Help

The Community will be undergoing maintenance on Friday January 10 at 2:00pm - Saturday January 11 at 2:00pm EST, and will be "read-only." For assistance during this time, please visit our Help Center.

Re: Multi-record calculations (c.f. 'running balance,' 'row number,' and the like)

6056 0
cancel
Showing results for 
Search instead for 
Did you mean: 

tl;dr version: A frequent query and/or complaint concerns users who wish to access data from a record for use in a calculation performed in a different record from the same table. Often this takes the form of a user asking ‘how to retrieve a value based on row number’; other times the user wishes to perform a calculation that assumes knowledge of the previous record — for instance, maintaining a running balance. A recently published base contains four approaches to this problem, three involving sequential records offset by varying numbers of days, and a fourth allowing retrieval of arbitrary data from the previous and previous-but-one record.

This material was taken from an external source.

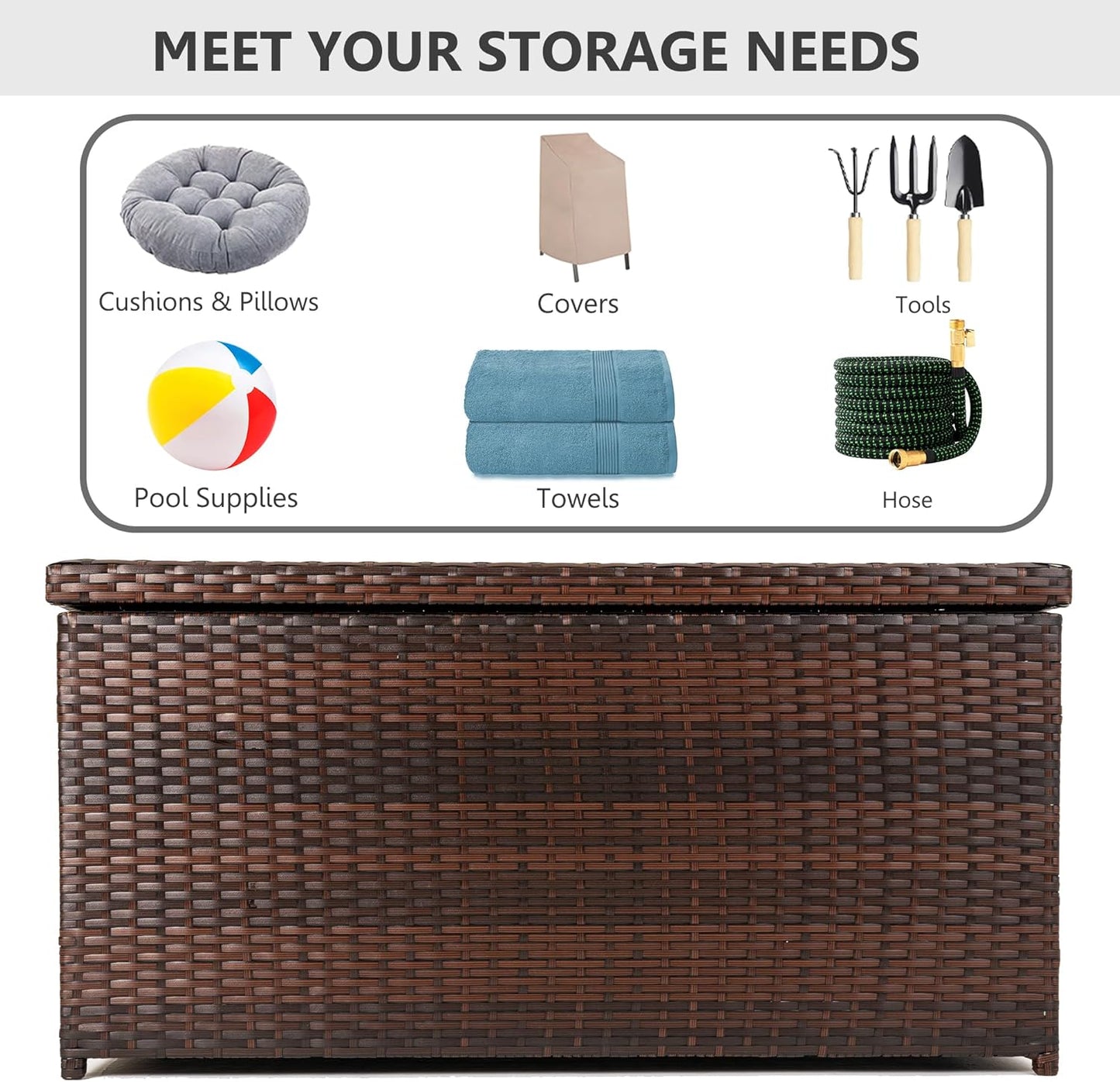 Outdoor 70 Gallon Wicker Storage Box with Waterproof Liner, Patio PE Rattan Storage Container for Outside, Deck Box with Hinged Lid for Cushions, Pillows, Towels, Horizontal Bin, Brown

Lately, I’ve been playing around with cross-record or multi-record calculations — that is, the ability to retrieve a value from a prior record for use with calculations in the current record. This is a recurring issue for users who conflate Airtable’s spreadsheet-like appearance with presumed spreadsheet-like functionality and wonder why they can’t simply access the field in a specific row by row number. Another common related request is for information on how to calculate a running balance. Unfortunately, while both of these tasks are possible under Airtable (for a given value of ‘possible,’ at least), neither is easily or intuitively achieved.

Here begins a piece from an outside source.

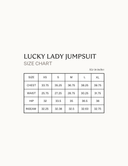 Lucky Lady jumpsuit size chart displaying measurements for XS, S, M, L, XL in inches.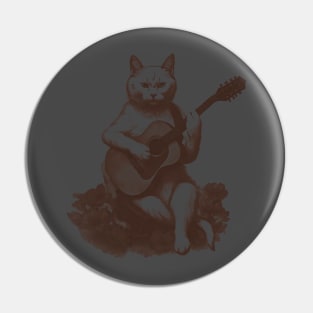 Cat Playing Guitar Pin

Towards that end, I have created a demo base providing routines and techniques facilitating cross-record calculations. The base contains four different demonstrations, three involving the keeping of a running balance and based on dates, the fourth dealing with retrieval of arbitrary data from prior records without reference to date. The base contains five tables, one for each demonstration, plus a fifth, shared table used in calculations.

Examples contained in the base

  1. Calculating a running balance based on daily entries.
  2. Calculating a running balance based on an entry every workday
  3. Calculating a running balance based on irregular or inconsistent entries.
  4. Retrieving a value from the previous and previous-but-one records.

Strictly speaking, Examples 1 and 2 are unnecessary, as the method given in Example 3 not only supports the first and second use cases, it offers a much more robust implementation, far more tolerant of potential problems with data entry (most notably, skipped dates) than are the first two. I have chosen to retain them because (1) Examples 3 and 4 are most easily understood in comparison with Examples 1 and 2, and (2) conceivably, there may be use cases where a missed date is unacceptable, and an algorithm that breaks down, forcing intervention, would be preferable to one that self-heals.

Caveats and Conditions

  1. All methods require every record in the primary table to be linked to a single record in a secondary, calculation-focused table. This complicates data entry, as an explicit link must be created for each record generated. While not necessarily an onerous burden — creating the link for a newly entered record requires but two mouse-clicks — it does represent additional effort.[1]

  2. Any field or fields needing to be accessible cross-record must be passed explicitly by means of a rollup field that contains a value for every record in the table. In addition, the application must have some way of knowing where the value ends. Both requirements make these techniques less suitable for very large values or for values containing random or arbitrary data.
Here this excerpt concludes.